- Citizenship: Germany, USA
- Occupation(s): film director, writer, actress, and dancer
- Awards: Best Director at the Detroit Independent Film Festival, 2010

= Marianne Hettinger =

German actress

Marianne Hettinger is a German-American film director, writer, actress, and dancer.

Having come to New York from Germany at the age of 19 with only $800 in her pocket, Marianne Hettinger had to learn how to make it on her own in The Big Apple. Being a filmmaker, actress, and dancer, Hettinger has had the chance to meet some interesting people, both famous and not so famous, and as a member of the National Board of Review, had the privilege to interview actors and directors like Dustin Hoffman, Neil Jordan, Terrence Howard, Glen Hansard and Jodie Foster. All of those experiences led her to start up a new video talk show, "Hallo New York", in 2013 that pays tribute to both her home country and the city she now calls home. Some of the initial interviews include German singer/actress Ute Lemper, and former CEO of CDV Software, Germany's biggest computer and videogame company, Wolfgang Gaebler.

She wrote, produced, directed and acted in her first feature film Mango Tango (2009), which won her "Best Director" at the Detroit Independent Film Festival in 2010. and was screened at the "Celebrate Tango Festival" in New York City 2010. She was nominated in 2010 for the Young Generation Award at the Fünf Seen Film Festival in Munich.

Hettinger married Olympic figure skater and world champion Norbert Schramm in 2011 and divorced him in 2012 citing irreconcilable differences. The couple has starred together in Hettinger's movie "Saint Vitus Dance", which could be seen at film festivals all over the world. They were guests of honor at the German-American Steuben parade in New York City in 2011.

2012 Hettinger's two short films, Saint Vitus Dance and Strad For Lunch premiered at the Liliom Theater in Augsburg, Germany.

2013 Hettinger developed her own talk series, produced by vidFame LLC, "Hallo New York". Hallo New York' celebrates famous and non-famous fascinating New Yorkers who are living their dream, in conversation with host Marianne Hettinger, in her studio on the Upper West Side, Manhattan.

As a dancer Marianne Hettinger performed with the National Symphony Orchestra at the Kennedy Center in Washington, D.C., with the Indianapolis Symphony Orchestra, with the Baltimore Symphony Orchestra and the Toronto Symphony Orchestra.

She performed a Salsa with Antonio Banderas on the Late Show with David Letterman and was invited back on several occasions.

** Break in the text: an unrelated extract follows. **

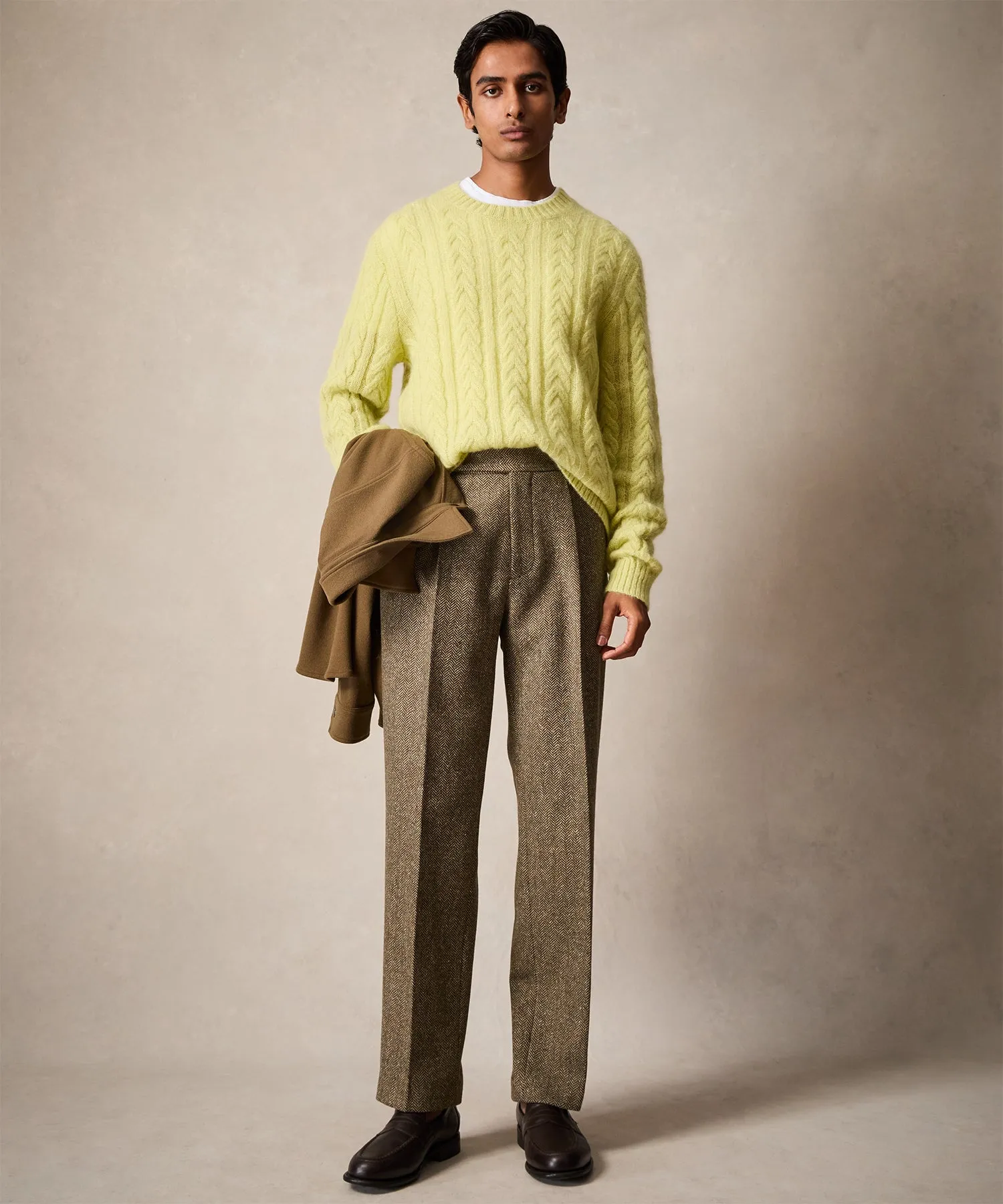 Brushed Cable Knit Crewneck Sweater in Green Lime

As an actress, she played a principal role in Tim Robbins' "The Cradle Will Rock", the independent feature "My Best Friend's Wife" and played Tom Berenger's wife's character "Claire" in the 2009 film "Breaking Point".

Ms. Hettinger is a member of the Film Fatales, a community of women feature film and television directors.
Ms. Hettinger's 2nd feature film, "Prince Harming", was selected as Semi-Finalist by the Moondance International Film Festival 2018.